Pristiani se tapa con la camiseta para insultar de manera racista a Vinicius tras el gol.
— LaVozGalactica (@Lavozgalactica) February 17, 2026
Siempre son del mismo país… pic.twitter.com/Y45fjwz7r0
Infantino sostuvo en declaraciones a Sky News que, si un futbolista se cubre la boca y emite comentarios con consecuencias racistas, la sanción debe ser inmediata y ejemplar. Incluso planteó que, en ausencia de pruebas claras, el simple hecho de taparse la boca podría interpretarse como indicio de conducta inapropiada. Según el dirigente, esta medida reforzaría el compromiso del balompié mundial en la lucha contra el racismo.

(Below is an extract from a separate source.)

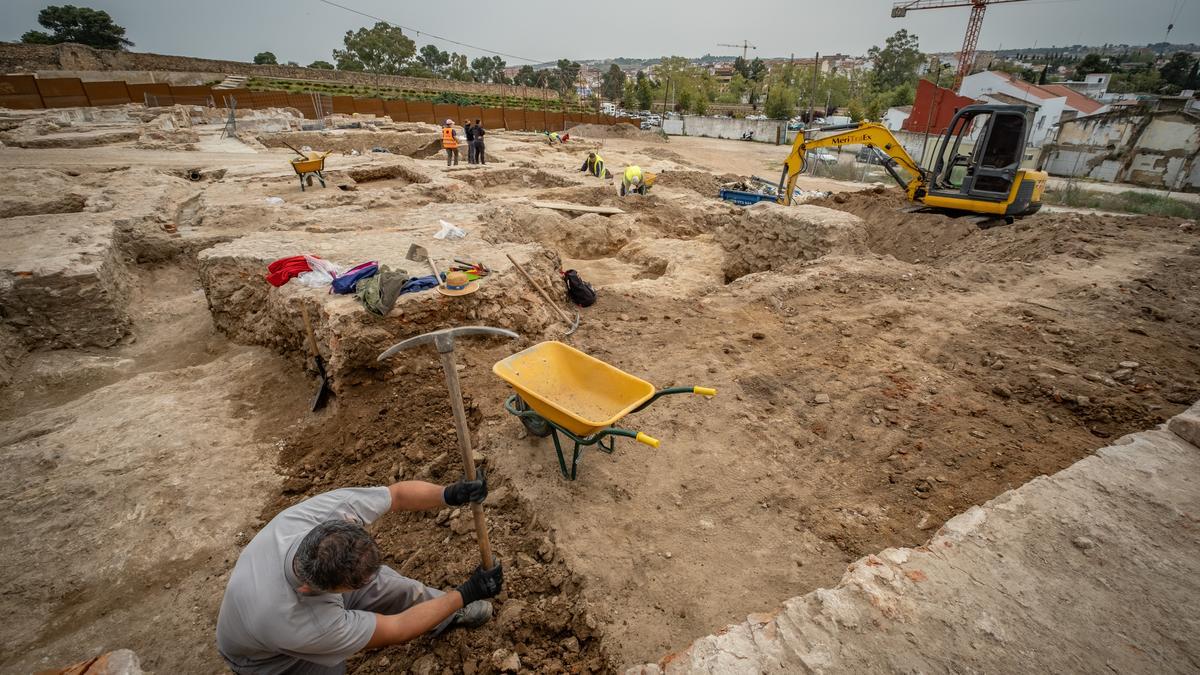 Restos arqueológicos en el yacimiento más extenso de El Campillo.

Las eventuales modificaciones podrían implementarse en la próxima Copa del Mundo, que se celebrará este verano en Estados Unidos, Canadá y México. La discusión ha generado opiniones divididas entre especialistas y aficionados, quienes cuestionan cómo se aplicaría la norma y qué criterios probatorios se utilizarían para determinar la intencionalidad.
El debate continúa abierto mientras las autoridades del fútbol internacional evalúan ajustes que fortalezcan las sanciones frente a conductas discriminatorias dentro del terreno de juego.